Sodann ging er auf die aktuelle Rechtsprechung des EGMR zum Streikrecht auf Grund der EMRK ein. Im Urteil vom 31.01.2012 hatten die Straßburger Richter in Sachen Sindicatul „Păstorul cel Bun“ ./. Rumänien (Nr. 2330/09) entschieden, dass die Untersagung einer Gewerkschaftsbildung rumänisch-orthodoxer Priester gegen die Versammlungs- und Vereinigungsfreiheit aus Art. 11 EMRK verstoße. Letztlich richte sich dieses Urteil zwar nur gegen den Staat Rumänien und verpflichte diesen zur Beseitigung der konventionswidrigen Umstände. Zudem entscheide der EGMR stets nur Einzelfälle, wie auch in Sachen „Enerji Yapi-Yol Sen ./. Türkei“ vom 21.04.2009 (Nr. 68959/01), wo die absolute Beschränkung des Streikrechts gegenüber allen öffentlich Beschäftigten im türkischen Staatsdienst für nicht vereinbar mit Art. 11 EMRK erklärt wurde. So könne ein Analogieschluss im Hinblick auf die Aufhebung des Streikverbots in kirchlichen Einrichtungen nicht ganz einfach erfolgen. Doch wäre es vertretbar, für die deutschen kirchlichen Arbeitsverhältnisse einen Streik nur dann für unzulässig zu halten, wenn wirklich ein funktionierendes Kommissionensystem bestehe. Würde der EGMR jedoch ein Streikrecht bejahen, wären die nationalen Gerichte im Wege des Gebots der völkerrechtsfreundlichen Auslegung gehalten, dies zu akzeptieren.

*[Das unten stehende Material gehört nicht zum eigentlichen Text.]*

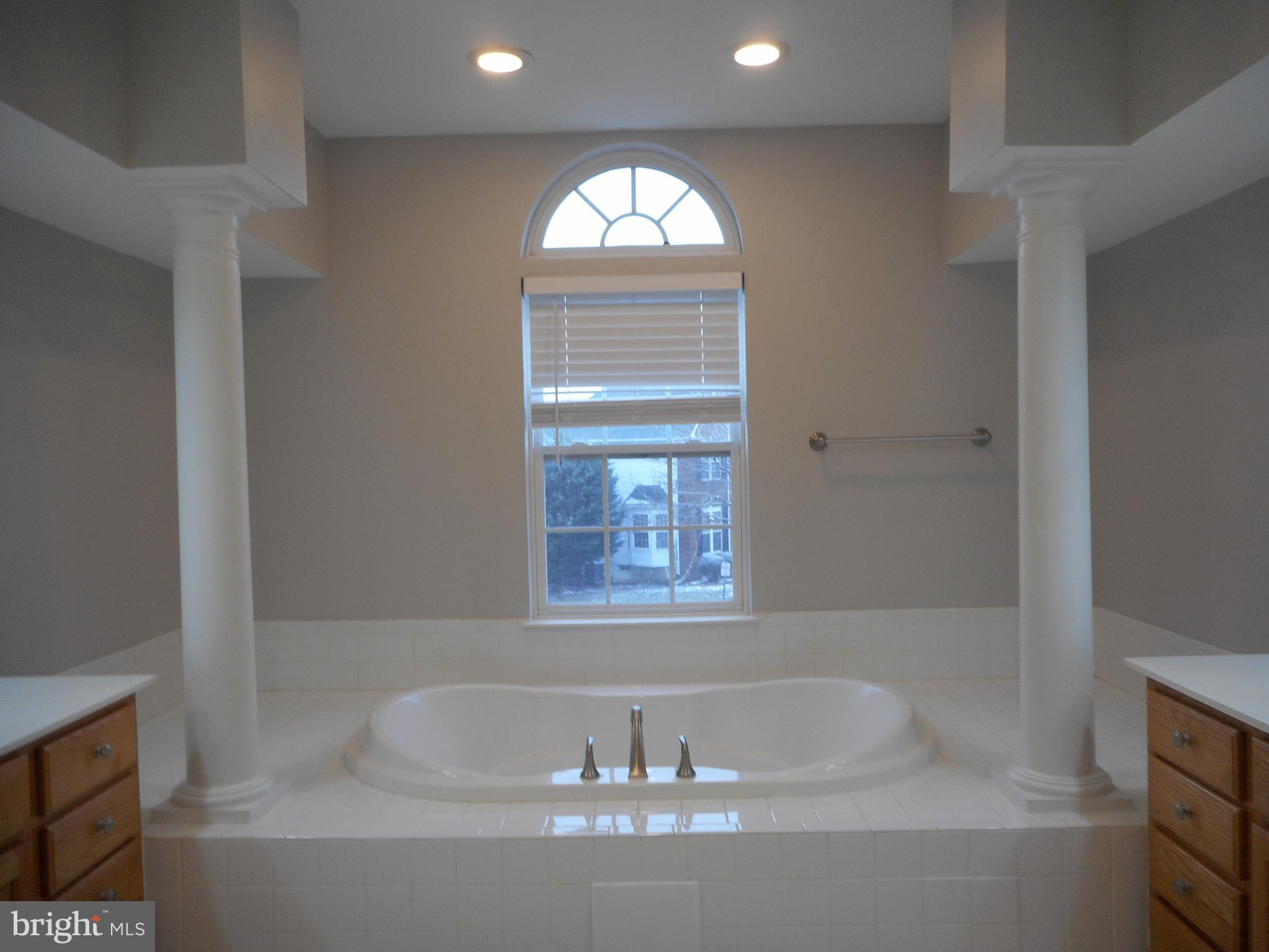 HAMPTON SUB-PLAT 1> - Residential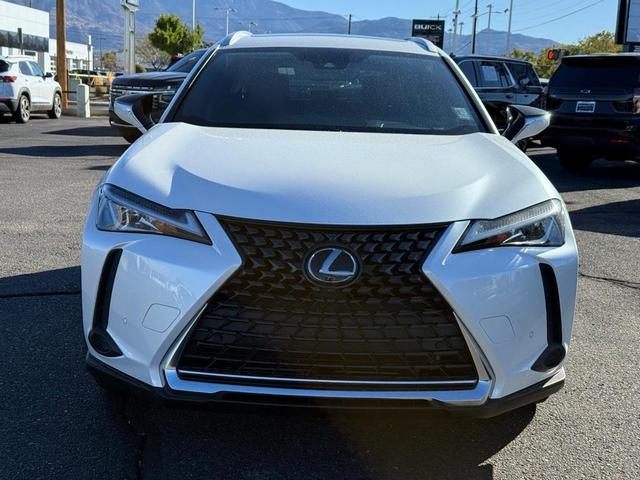 2021 lexus ux 200 base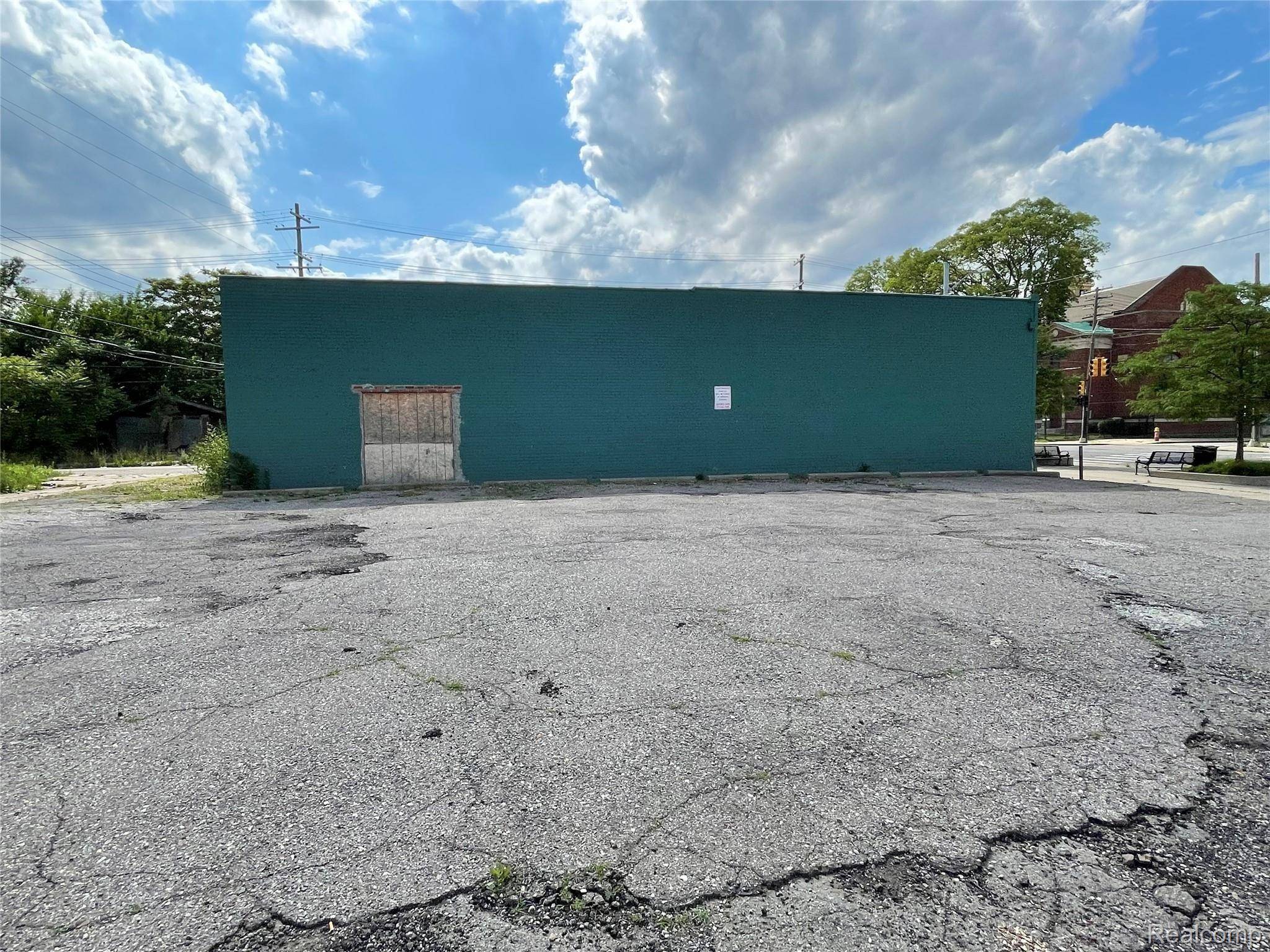 341 W 7 MILE RD, Detroit, MI 48203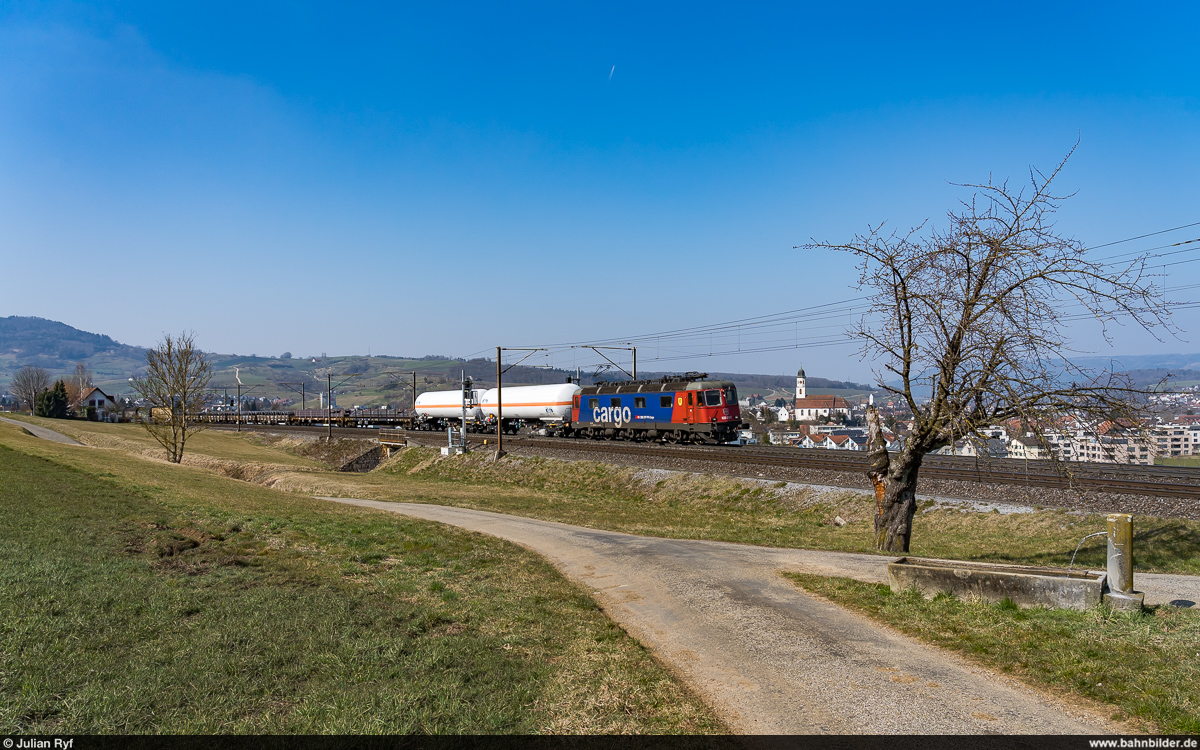 SBBC Re 620 011 / Frick, 7. März 2022<br>
WLV-Zug 60185 Basel RB - Chiasso Smistamento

Kollektive Arbeitskämpfe im kirchlichen Bereich – empirische Befunde und Analysen
Der zweite Referent, Dr. Hermann Lührs (Institut für Politikwissenschaft der Universität Tübingen), sprach über „Kollektive Arbeitskämpfe im kirchlichen Bereich – empirische Befunde und Analysen“. Er zeigte zunächst auf, dass kollektiv geführte Arbeitskonflikte in kirchlichen Einrichtungen der Diakonie und Caritas ein „neues Phänomen“ seien, welches erst seit ca. zehn Jahren existiere. Dies belegte er anhand von Beispielen aus der Praxis. Grund hierfür sei der „Paradigmenwechsel“, der sich seit den 1990-er Jahren im Sozialsektor vollzogen habe. Hatten die Kommissionen ursprünglich die Aufgabe der Koordinierung, käme ihnen nunmehr jene der Konfliktregulierung zu.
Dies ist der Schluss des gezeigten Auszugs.